Nice forum for noobs like me to UNIX. With that said, I need assistance.
I am trying to make a script to search files for a specific date and string within the file. Then I need the script to move the file that have the specific date and string to a directory. In the interim I have been manually moving the files by GREP'ing for the string, then by GREP'ing for the date in the new DIR. It takes a bunch of time.
#!/usr/bin/ksh
filedate="$2 $1"
pattern=$3
cd /path/to/files
ls -l |grep "$filedate" | awk '{print $9}'|while read filename; do
grep a $filename > /dev/null && mv $filename /path/to/dest/
done
Try this with changes in the necessary places.
Run it as:
scriptname date month(in letters) pattern_to_search
eg. scriptname 11 Jan foo
This will search all files in particular directory with date stamp of 11th Jan for occurance of the pattern foo and move them to the specified path.
Does that script grep the pattern?
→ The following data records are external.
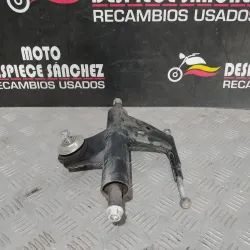SOPORTE DE MOTOR PIAGGIO...
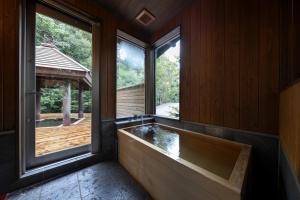 Galeriebild der Unterkunft 奥武雄温泉　風の森 in Ureshino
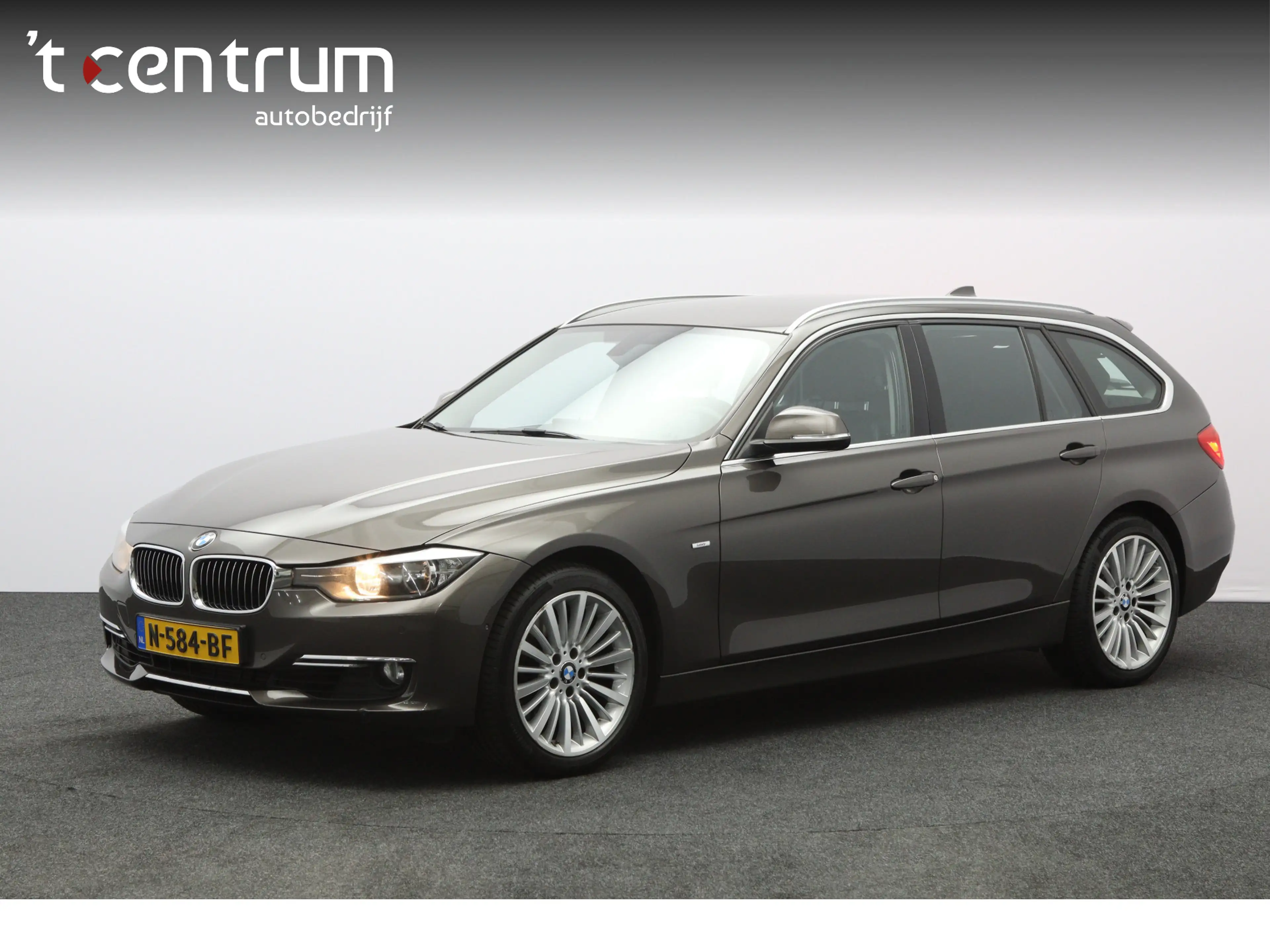 BMW 328 3-serie Touring 328i xDrive 245 PK High Executive
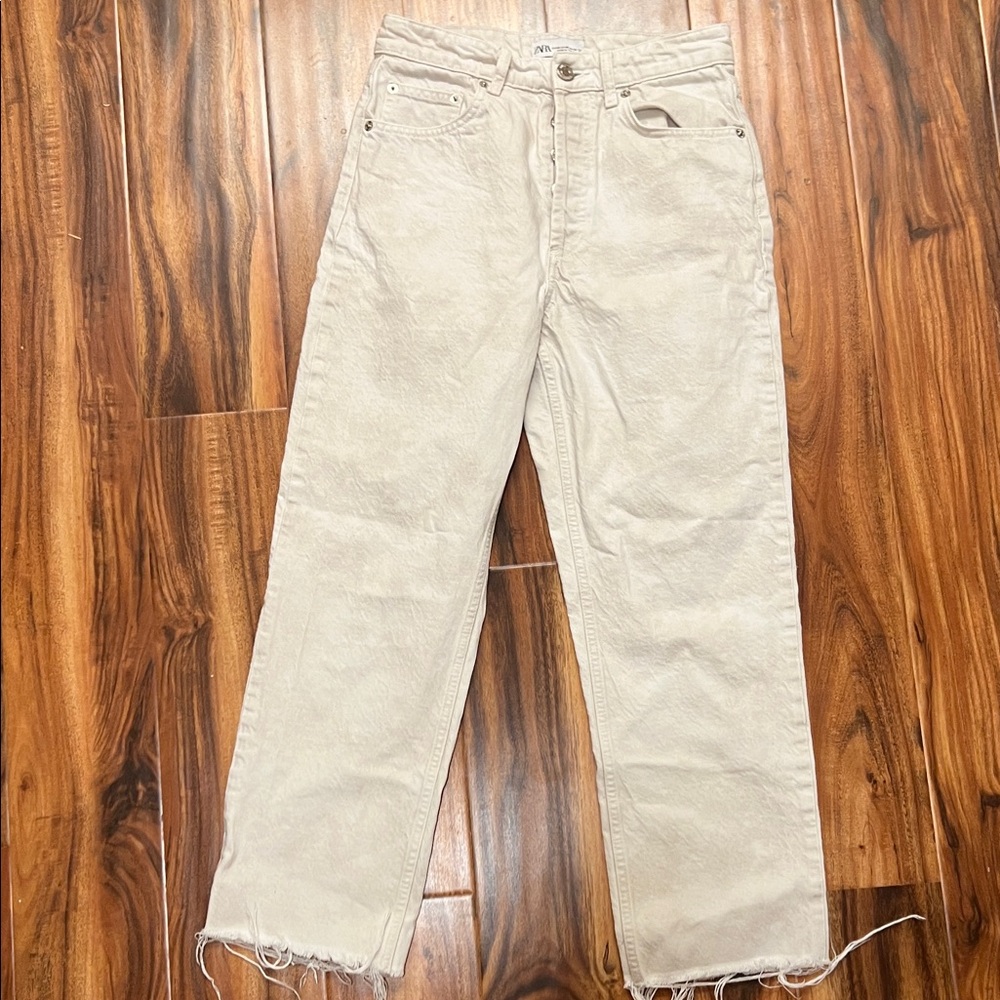 Zara Off-White Textured Jeans - Size 6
I ran the script and it pulled all the files with a file date correctly, but it did not use the pattern I selected. (the string was not found in the file text)
EDIT: I am looking at the results... Is there a way to select the year as well? Would I have to make a third variable in the filedate?
#! /usr/bin/ksh
#set -x # unhash to debug
print_usage() {
echo "usage: ./searchnmove <date_to_search> <pattern_to_search_for> <src_dir> <dest_dir>
date_to_search can have pattern of YYYYMMDD or just MMDD. In the second
case the current year will be assumed"
}
PERLDIR=/opt/perl/bin # set this to the directory where perl is installed
if [ $# -ne 4 ]; then
echo "searchnmove: incorrect number of arguments"
print_usage
exit 2
fi
if [ ${#1} -eq 8 ]; then
searchdate=$1
elif [ ${#1} -eq 4 ]; then
searchdate=$(date +%Y)$1
else
echo "searchnmove: date pattern incorrect"
print_usage
exit 2
fi
if [ ! -d $3 ]; then
echo "searchnmove: source directory does not exist"
exit 2
fi
SRCDIR=$3
if [ ! -d $4 ]; then
echo "searchnmove: destination directory does not exist"
exit 2
fi
DESTDIR=$4
searchpattern="$2"
cd $SRCDIR
for file in *; do
filemod=$($PERLDIR/perl -w -e '$mtime=(stat($ARGV[0]))[9]; @ltime=localtime $mtime; printf "%04s%02s%02s",$ltime[5]+1900,$ltime[4]+1,$ltime[3];' $file)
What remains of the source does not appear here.